▶ [Activity]: The line containing "Ex Tiazinha precisara" marks the start of the required copy, which runs to the final line of the entries; return those lines exactly, without any pictures.

▶ [Data to use]:
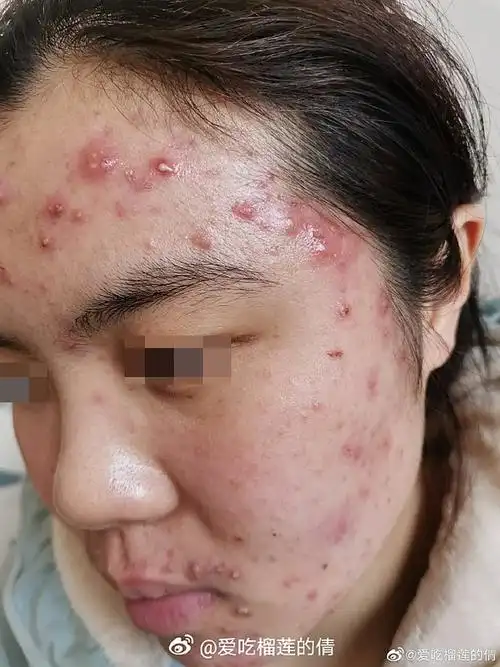 额头和口周长红肿的大痘痘,外用红霉素后爆痘.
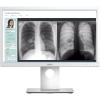 Dell Medical Review 21.5 (MR2217)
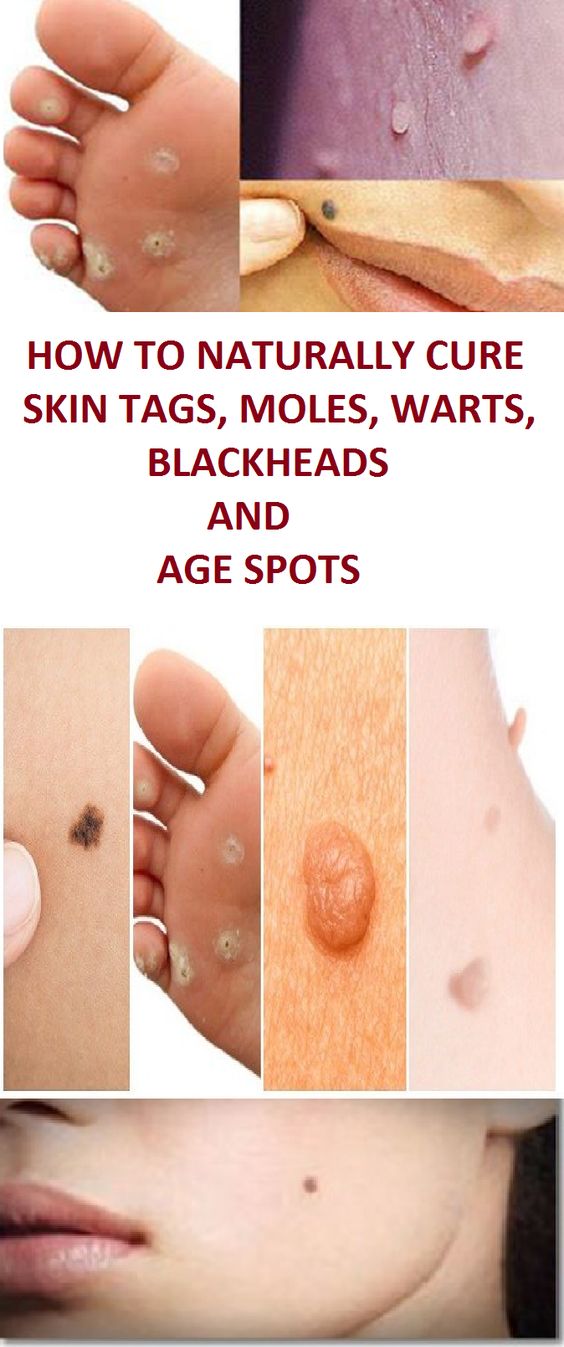 How To Naturally Cure Skin Tags, Moles, Warts, Blackheads, And Age Spots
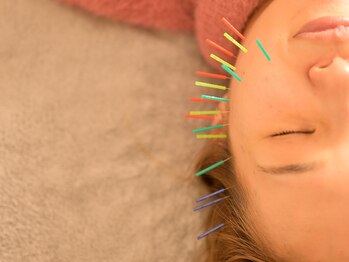 アロエベル(aloe Belle)/美容鍼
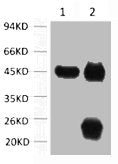 1) Input: Mouse Brain Tissue Lysate 2) IP product: IP dilute 1: 200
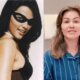 Ex Tiazinha precisara realizar enxerto apos fazer remocao no corpo
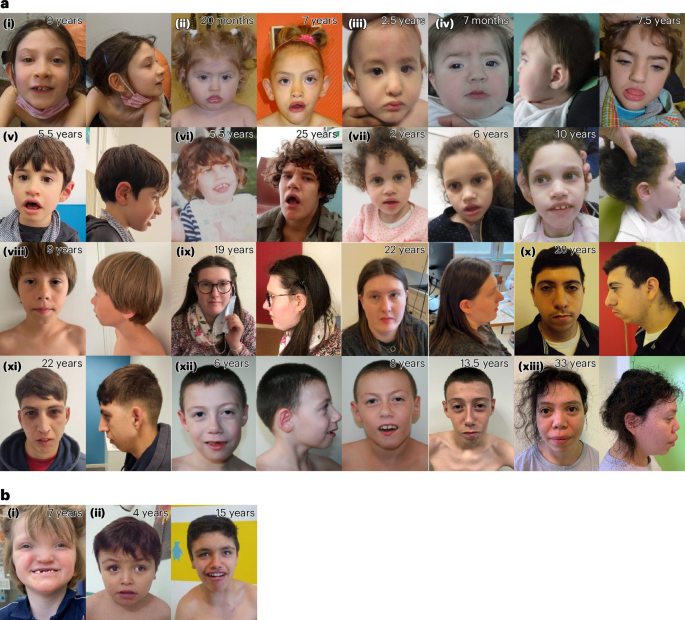 Fig. 5: Facial photographs from 13 patients with other variants in RNU4-2 and two patients with variants in RNU5B-1.
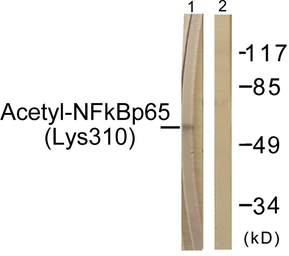 Anti-NFkB p65 (acetyl Lys310) antibody used in Western Blot (WB). GTX86963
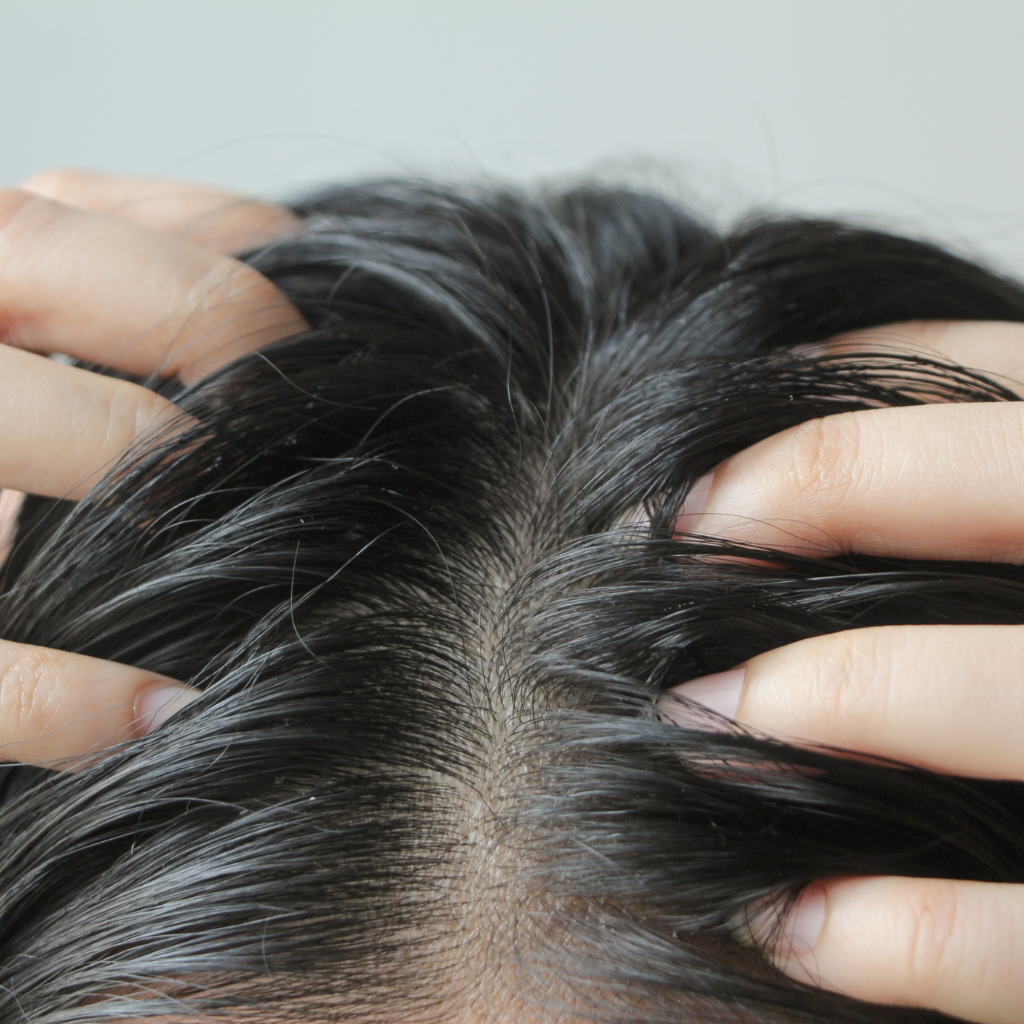 Top 10 Tips for Managing Greasy Hair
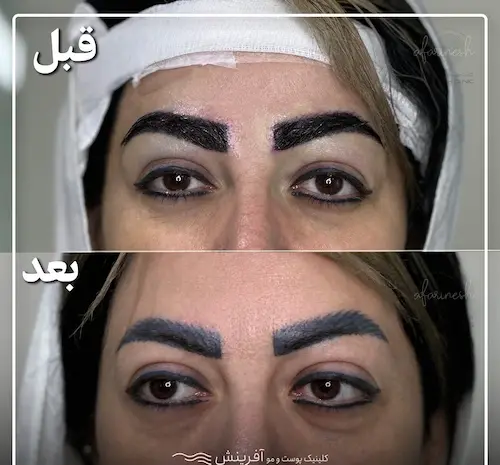 عکس های کاشت ابرو طبیعی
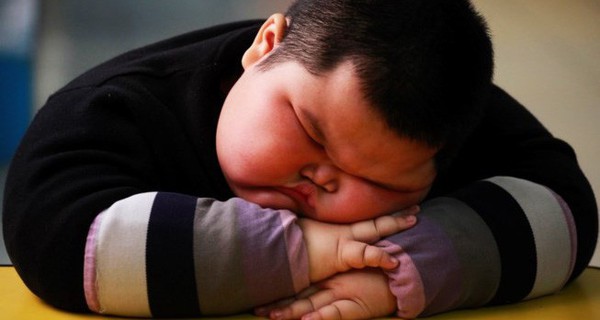 Châu Á chiếm 50% tỷ lệ trẻ em béo phì trên toàn cầu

▶ [Your response]:
 Ex Tiazinha precisara realizar enxerto apos fazer remocao no corpo
 Fig. 5: Facial photographs from 13 patients with other variants in RNU4-2 and two patients with variants in RNU5B-1.
 Anti-NFkB p65 (acetyl Lys310) antibody used in Western Blot (WB). GTX86963
 Top 10 Tips for Managing Greasy Hair
 عکس های کاشت ابرو طبیعی
 Châu Á chiếm 50% tỷ lệ trẻ em béo phì trên toàn cầu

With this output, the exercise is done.